We initialize the first row and first column of the table with 0 because an empty sequence has an LCS of length 0 with any other sequence.

Python Program

Iterative Dynamic Programming Approach

def lcs_length(X, Y):
    """
    Compute the length of the longest common subsequence (LCS) between sequences X and Y.
    
    Parameters:
    X (str): First sequence.
    Y (str): Second sequence.
    
    Returns:
    int: Length of the LCS.
    """
    m = len(X)
    n = len(Y)
    
    # Initialize a (m+1) x (n+1) DP table with all values as 0.
    dp = [[0] * (n + 1) for _ in range(m + 1)]
    
    # Build the dp table in bottom-up manner.
    for i in range(1, m + 1):
        for j in range(1, n + 1):
            if X[i - 1] == Y[j - 1]:
                dp[i][j] = dp[i - 1][j - 1] + 1
            else:
                dp[i][j] = max(dp[i - 1][j], dp[i][j - 1])
    
    return dp[m][n]

# Test examples
print("LCS Length Example 1:")
X1 = "ABCBDAB"
Y1 = "BDCABC"
print("LCS length for X = '{}' and Y = '{}' is:".format(X1, Y1), lcs_length(X1, Y1))
# Expected output: 4

print("\nLCS Length Example 2:")
X2 = "AGGTAB"
Y2 = "GXTXAYB"
print("LCS length for X = '{}' and Y = '{}' is:".format(X2, Y2), lcs_length(X2, Y2))
# Expected output: 4

Explanation: In this solution, we create a 2D list dp where each entry dp[i][j] holds the length of the LCS for the substrings X[0:i] and Y[0:j]. We iterate through each character of both sequences.

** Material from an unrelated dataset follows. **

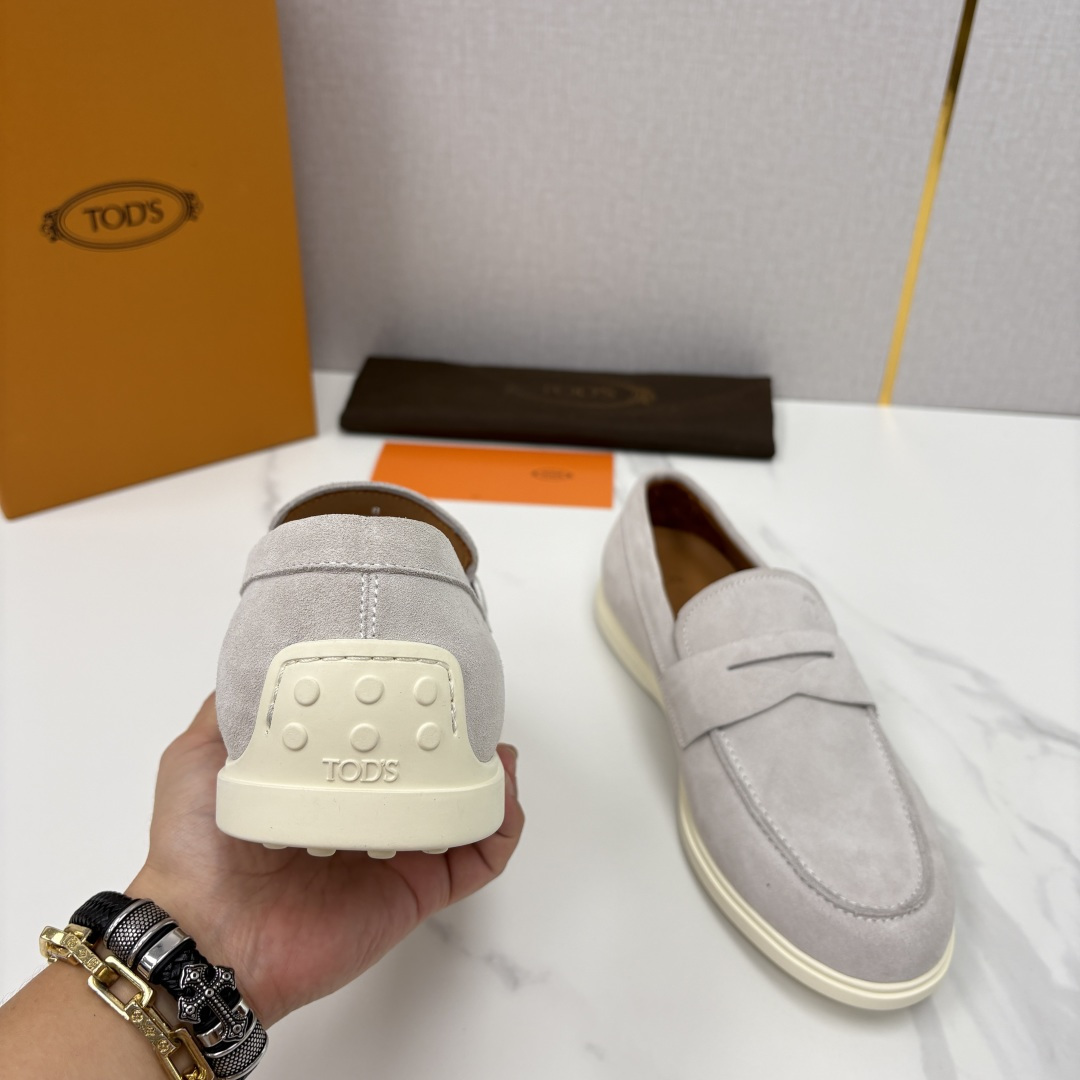 💋💍TOD*S  托德-斯 新品拉菲草（汤德森）OTV绒面皮革乐福鞋上🆕  官方  6,300   本款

If the characters match, we add 1 to the result of the previous subproblem dp[i-1][j-1]; otherwise, we take the maximum of the two possible subproblems dp[i-1][j] and dp[i][j-1]. The final answer is found at dp[m][n], where m and n are the lengths of X and Y, respectively.

Conclusion

In this tutorial, we explored the Longest Common Subsequence problem and demonstrated how to solve it using a dynamic programming approach. We walked through the problem statement, examined sample inputs and outputs with detailed explanations, and implemented an iterative solution in Python. This approach, with a time complexity of O(m*n), is effective for solving the LCS problem and is a common topic in technical interviews.